Illustration by: iStock.com/Oleh Kuzminskyi
Sustainability is often tied to environmental stewardship, but it’s just as powerful when applied to everyday moments. It’s reflected in how we allocate our time, nurture meaningful relationships, and seek out beauty — building the personal resilience we need to lead and meet challenges in both work and life.
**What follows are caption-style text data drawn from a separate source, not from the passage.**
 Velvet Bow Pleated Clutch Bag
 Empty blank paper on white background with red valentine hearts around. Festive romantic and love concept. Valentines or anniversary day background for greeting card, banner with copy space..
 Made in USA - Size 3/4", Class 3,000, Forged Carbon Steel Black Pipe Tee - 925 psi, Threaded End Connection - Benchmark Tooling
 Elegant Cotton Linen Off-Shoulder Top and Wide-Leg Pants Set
In the Sustainable Human Behavior course offered at Stanford Graduate School of Business and the Stanford Doerr School of Sustainability, The General Atlantic Professor Jennifer Aaker and Associate Professor Szu-chi Huang explore how to “create a sustainable life, foster healthy relationships, and promote a sustainable planet.” Aaker and Huang also teach Executive Education programs, and in a recent episode of Class Takeaways they share five practical tips for living more sustainably in your daily interactions with people and the world around you.
1. Use Time with Intent
Time is a limited resource, which makes how you choose to spend it essential to living more sustainably. This means designing your days with greater intention, seeking out activities that nourish multiple aspects of life at once. One powerful strategy is to build more multipliers into your life — activities that fulfill several meaningful goals at the same time.
For example, doing yoga with a friend supports both physical health and relational connection. Volunteering with colleagues advances a social cause while strengthening workplace bonds. “To lead a sustainable life, we need to use time with intent,” Aaker explains. “Multipliers help us tackle time poverty — the feeling that we never have enough time.”
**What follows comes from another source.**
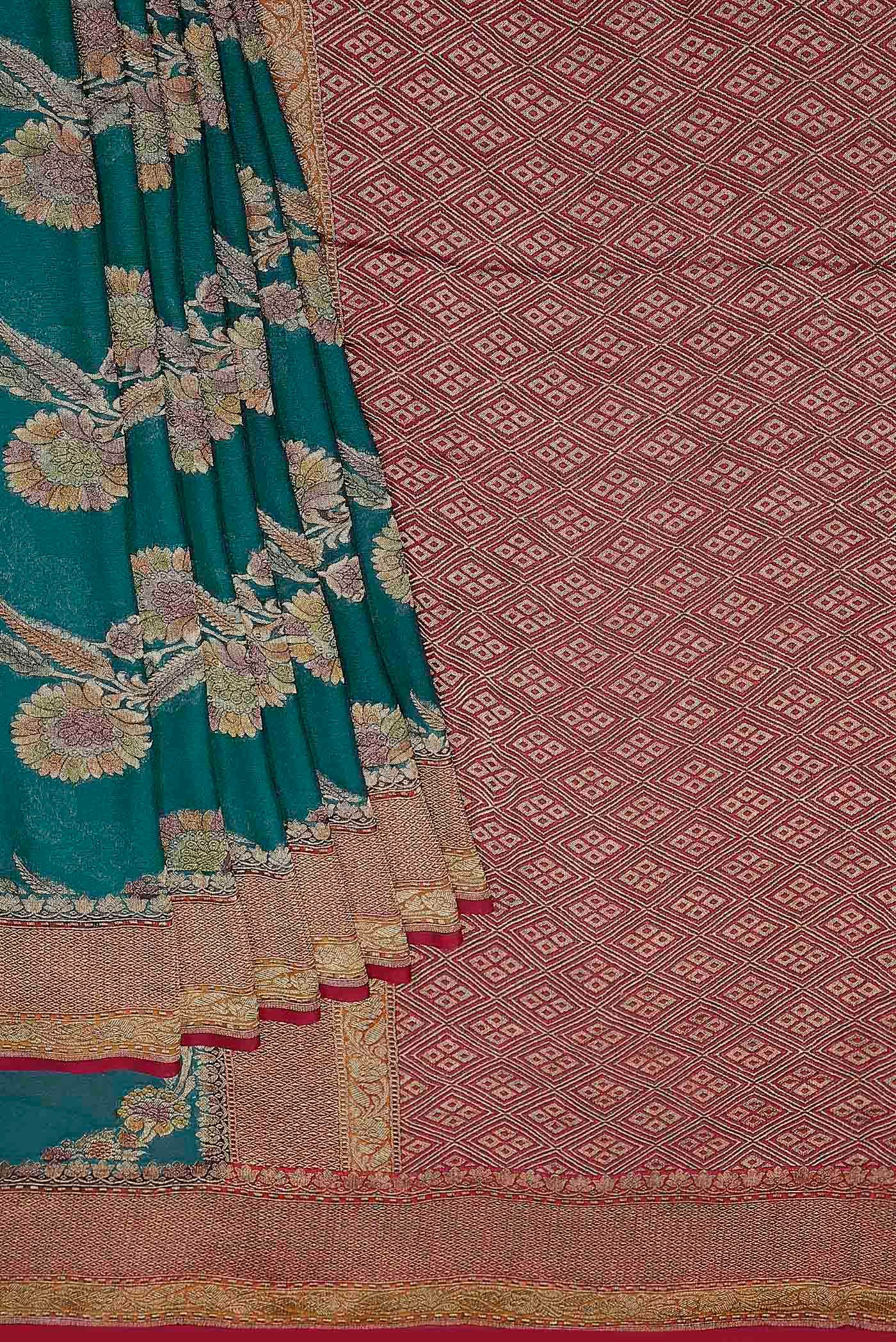 Green Banarasi Silk Saree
2. Notice and Savor Beautiful Moments
Beauty isn’t limited to objects — it lives in experiences, too. Research by Aaker and Huang shows that making a conscious effort to notice small, beautiful moments — a loved one’s laughter, the warmth of the sun — is an investment in cognitive vitality, emotional resilience, and a more sustainable life. “These beautiful moments jumpstart ripple effects in our neural network,” Huang explains.
Their new studies with colleagues Yu Ding and Louise Lu reveal that individuals who journaled about beautiful (rather than merely happy) moments developed a 137 percent richer visual memory of those experiences — and nearly 20 percent greater memory accuracy.
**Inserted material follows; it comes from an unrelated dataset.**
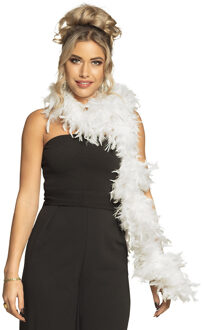 Boland Carnaval verkleed boa met veren - wit - 180 cm - 80 gram - Glitter and Glamour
3. Recognize Moments of Flow
Beautiful moments aren’t just about outcomes — they emerge from the process, even in dynamic environments that can seem unpredictable. Aaker recalls interviewing Chef Michael Mina, who described the beauty he sees not in perfect order, but in signs of a process unfolding well. For him, a simple signal — the sight of perfectly cut tomatoes — reveals that a team is moving in flow, with discipline and care even amid the chaos.
In high-growth or fast-moving environments, these beauty signals become essential. They allow leaders to scale excellence without being everywhere at once, trusting that the standards for quality and harmony are understood and shared. In your own work, what signals tell you the process is beautiful — even before the final product appears?
4. Build Purpose into Every Day
Sustainable living isn’t a one-time decision — it’s a daily practice. To build the habit of living with greater purpose, Aaker and Huang recommend asking yourself intentional questions each day: How will I use my time today? How can I turn this activity into a multiplier? What beautiful moment can I savor? By actively engaging with these questions, they explain, “the lens through which you see the world will change profoundly.”
5. Align with Nature
Lastly, living sustainably also means remembering our deeper connection to the natural world — and finding strength, beauty, and responsibility within it. “Throughout history, bird songs have signaled places where human flourishing is possible,” Aaker notes. She encourages seeking out spaces where you feel connected to nature and “aligned with the planet.”
These moments of alignment serve a dual purpose: deepening your sense of responsibility for the environment and creating a wellspring of beautiful experiences that sustain your own well-being — and can be shared with others.
Putting Insights into Action
Building a sustainable life through greater intention and behavioral science helps you meet challenges with more flexibility, composure, and resilience. Leaders who model personal sustainability can inspire their teams to follow suit, improving overall well-being and flow across the organization. Here are a few ways to put these ideas into action:
- Create multipliers. Find activities that achieve more than one goal at once, like volunteering as a team or walking outside while discussing a project.
- Notice and share beautiful moments. Write down one beautiful moment each day. Invite team members to do the same — and, if comfortable, set aside circle time to share.
- Recognize moments of flow. Be present and pay attention to the moments when your team moves seamlessly — when emotional awareness, clear communication, and shared goals align. Recognizing these instances of flow reinforces a culture of trust, collaboration, and shared purpose.
- Build purpose into every day. Sustainable living is built through small, deliberate choices made consistently over time. Embed purpose into your daily routine by asking intentional questions that transform sustainability from an abstract goal into a lived reality — one mindful decision at a time.
- Align with nature. Sustainable living begins with reconnecting to the natural world. Find places where you feel deeply at ease, and return to them often. These spaces become a wellspring for resilience, creativity, and beautiful moments that sustain you.